Pertanto bando alle ciance e torniamo alla culture driven. Svanite le speranze di una Lamezia industrializzata, vedi il fallimento della Sir e l’ingloriosa fine di Lamezia Europa; perduta ogni speranza su Fondazione Terina che doveva dare il la ad una economia agricola di grande spessore; svanito il ruolo di Lamezia come polo di riferimento del terziario avanzato; fallito lo sviluppo turistico e termale per la scarsa considerazione – o incapacità ? – che ogni amministrazione ha dedicato ai vari settori economici più traenti, non ci resta che …piangere e cercare di invertire la tendenza puntando su quello che l’avara madre natura ci ha dato: lo sviluppo in due settori chiave, vale a dire quello agricolo e turistico.
Piaccia o non piaccia, caro sindaco, la città come tutta la regione del resto, ha bisogno di essere economicamente autosufficiente e non campare di elemosine e di elargizioni concesse a denti stretti e poi rimangiate in tutta fretta. Dovesse avere occasione di incontrarsi con il parolaio di turno esterni pure il malumore di tutti i conterronei che, malgrado gli ampi poteri a lui concessi, si fregia di slogans per nascondere che i calabresi avevano le pezze al c… e li sono rimaste.
Mi perdoni, Murone, per l’escursus, ma si è reso necessario per chiarire, ove ce ne fosse bisogno, che Lamezia, al di là di sogni onirici – ahimè splendidi e splendenti – ha la necessità di darsi le certezze di una valenza economica che la tiri fuori dal cul de sac – traduco per il colto e l’inclita – cavità economica a fondo cieco – nel quale si trova.
Pertanto apprezzo tantissimo il suo programma elettorale che tocca tutte le corde del cuore suscitando emozioni profonde: non ha tralasciato nulla nel suo impegno programmatico che va al di là di ogni aspettativa, dal castello normanno al cimitero dei nostri piccoli animaletti di compagnia.
Però, però: al di là di rose e fiori, conviene che l’economia calabrese debba subire uno scossone e tornare alle sue origini? Quelle a cui il cielo l’aveva predestinata: la terra, il clima, il sole, il mare. Che tradotto nel linguaggio corrente significa non andare a trovare tesori nascosti, bensì guardarsi attorno e dare significato e peso a due direttrici di sviluppo economico non di secondaria importanza: agricoltura e turismo partendo però dalla considerazione che l’ubertosa piana di S.Eufemia “vanta” migliaia di ettari di terreno completamente aridi ed abbandonati. Stesso discorso vale per la costa lametina e per la pineta alle sue spalle, ridotta ad un immondezzaio. E poi vogliamo parlare delle Terme di Caronte e dell’apporto economico che esse potrebbero dare a questa nostra miserabile economia?
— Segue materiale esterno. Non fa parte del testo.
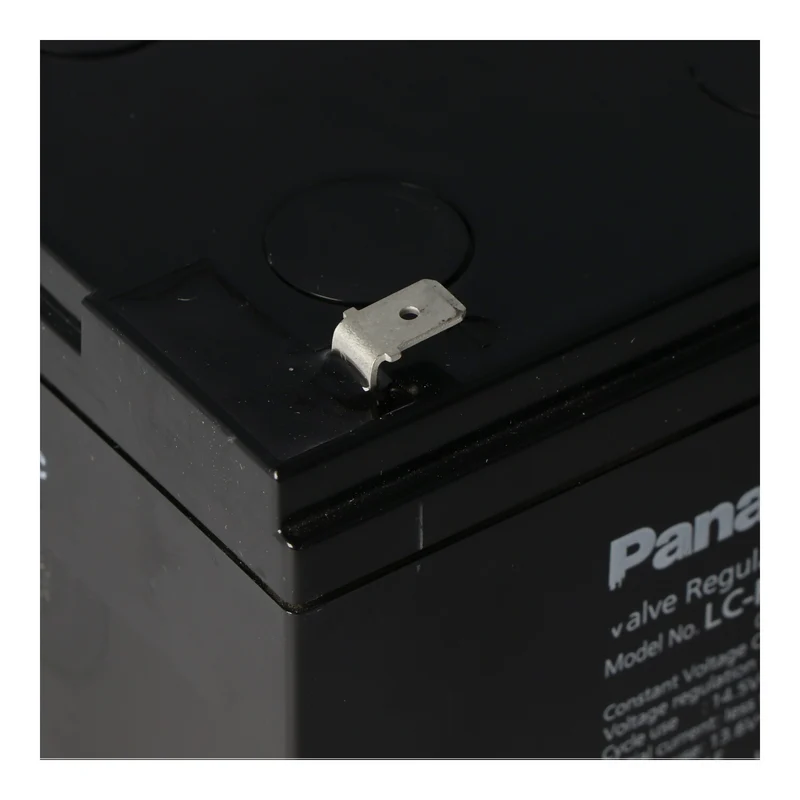 Panasonic LC-RN1212PG1 Akku 12 Volt 12Ah Steckkontakte 6,3mm VdS Zuslassung G118040, ehemals Panasonic LC-RA1212PG1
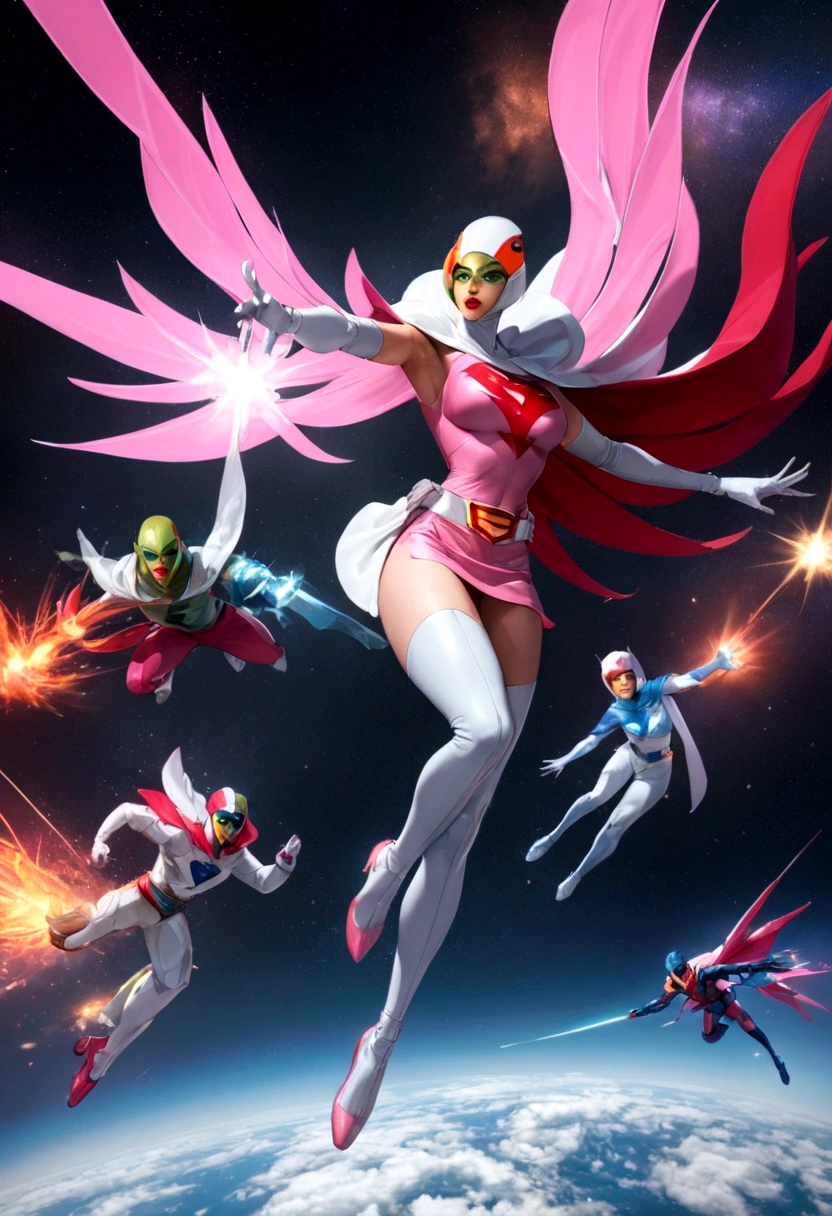 Jun the swan and teammates from Gatchaman/白鳥のジュンと仲間たち～科学忍者隊ガッチャマンより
L’estensore del suo programma elettorale, bisogna dargliene atto, ha fatto un bel compitino non tralasciando nulla anzi evidenziando i problemi atavici che ci affliggono e rimandando ogni soluzione a tempi futuri.
Ma Lei, sindaco Murone, nella sua giunta ha gli uomini giusti al posto giusto per realizzare una città intelligente? Pensa che sia facile applicare la culture driven (guidato dalla cultura) laddove non si va al di là della sagra paesana? Forse è questo il punctum dolens del suo ambizioso programma che mi auguro abbia il successo che la città meriterebbe.
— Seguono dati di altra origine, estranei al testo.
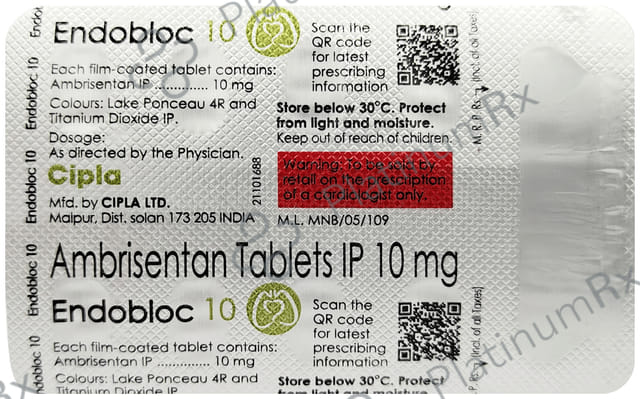 Endobloc 10mg Tablet 10s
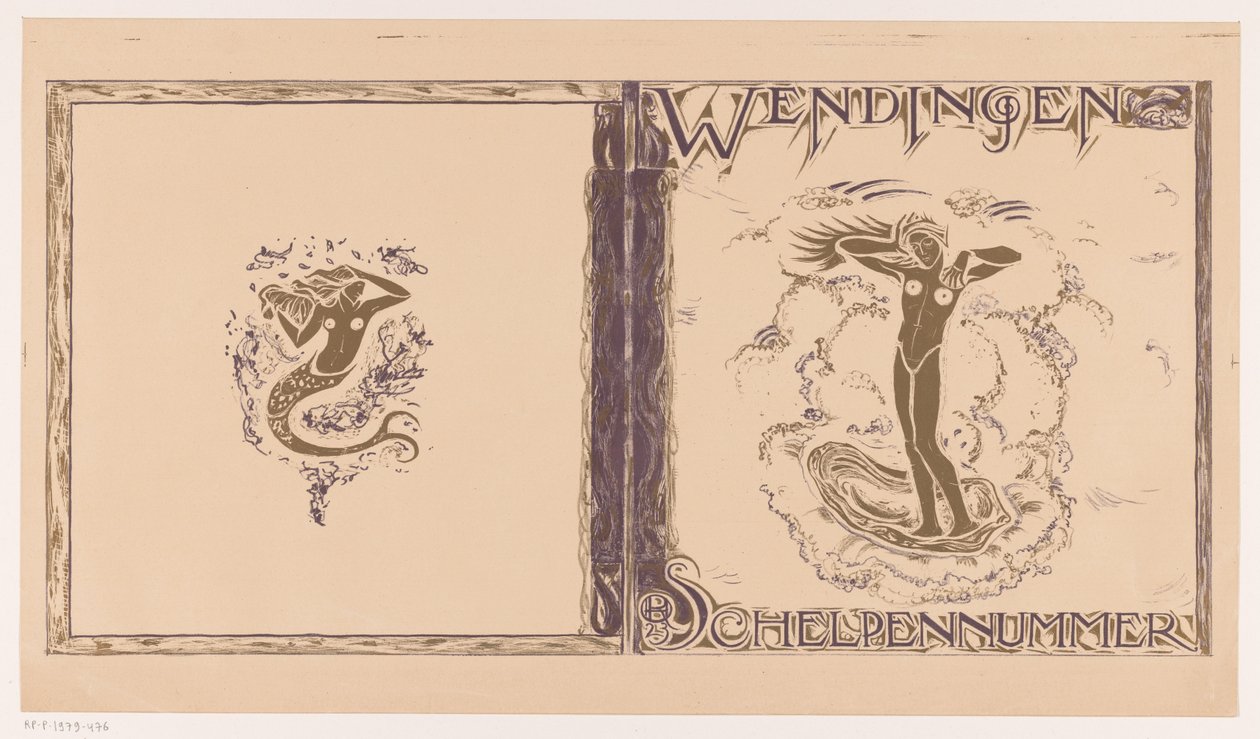 تصميم الغلاف لـ: Wendingen، Schelpennummer، 1923 بواسطة ريتشارد نيكولاس رولاند هولست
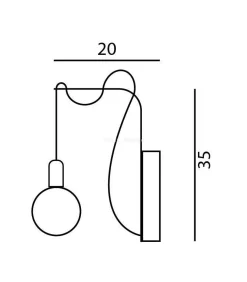 Kinkiet BORNHOLM kol. biały (67985) Ramko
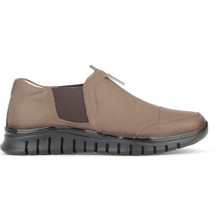 Ziya, Kadın Hakiki Deri Konfor Ayakkabı 16155Z2888 Koyu Vizon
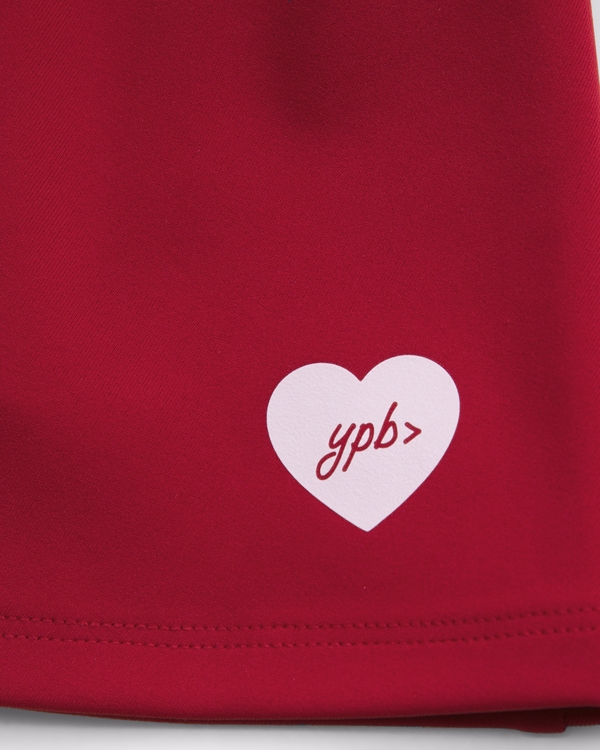 ypb back ruffle mini skort, Red view 2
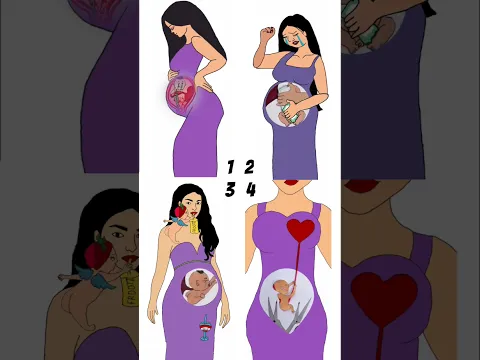 4 in 1 pregnancy mom #shifartandcraft #drawling #shortvideo #vairalvideo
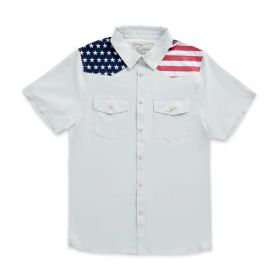Burlebo Men's All American Performance Western Shirt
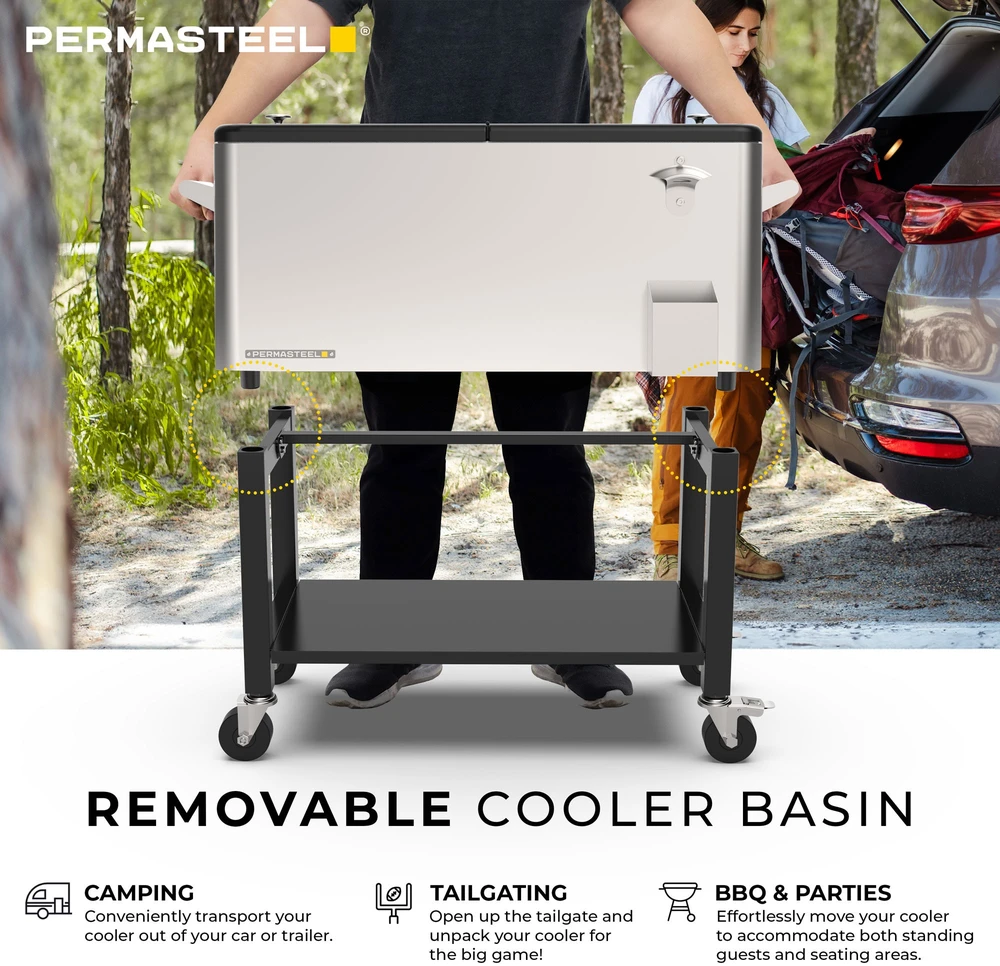 Sodo šaldytuvas Permasteel PS-223-80QT-SS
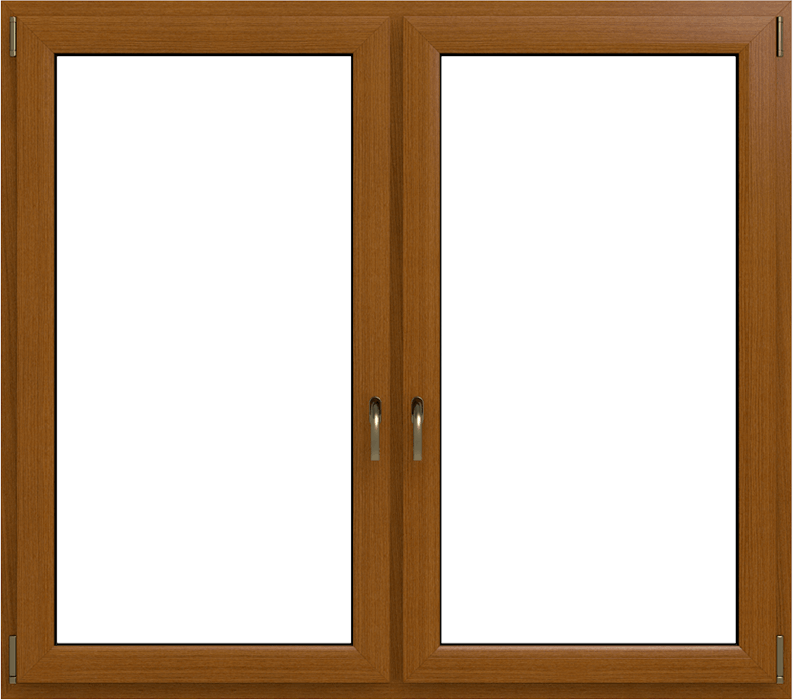 finestra in PVC dal design moderno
Per intanto, sindaco, preferirei che, al di là di onirici sogni, a due settori – agricoltura e turismo – collocasse due Manager (con la maiuscola) per avviare un processo di cooperazione, cosa avvenuta felicemente nelle regioni settentrionali e miseramente fallita dalle nostre parti (Opera Sila, Cantine sociali e quant’altro).
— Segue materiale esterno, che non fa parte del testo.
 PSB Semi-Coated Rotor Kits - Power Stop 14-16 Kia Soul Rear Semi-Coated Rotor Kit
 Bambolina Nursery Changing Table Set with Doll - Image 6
Si è mai chiesto perché? Esattamente per il contrario della culture driven, vale a dire quella logica del fotticompagno che ha sempre imperversato dalle nostre parti. La materia prima è a sua disposizione: terra, cielo, mare. Cercasi TESTE PENSANTI. Auguri Sindaco, spero che il suo programma segni l’inizio di una nuova Lamezia.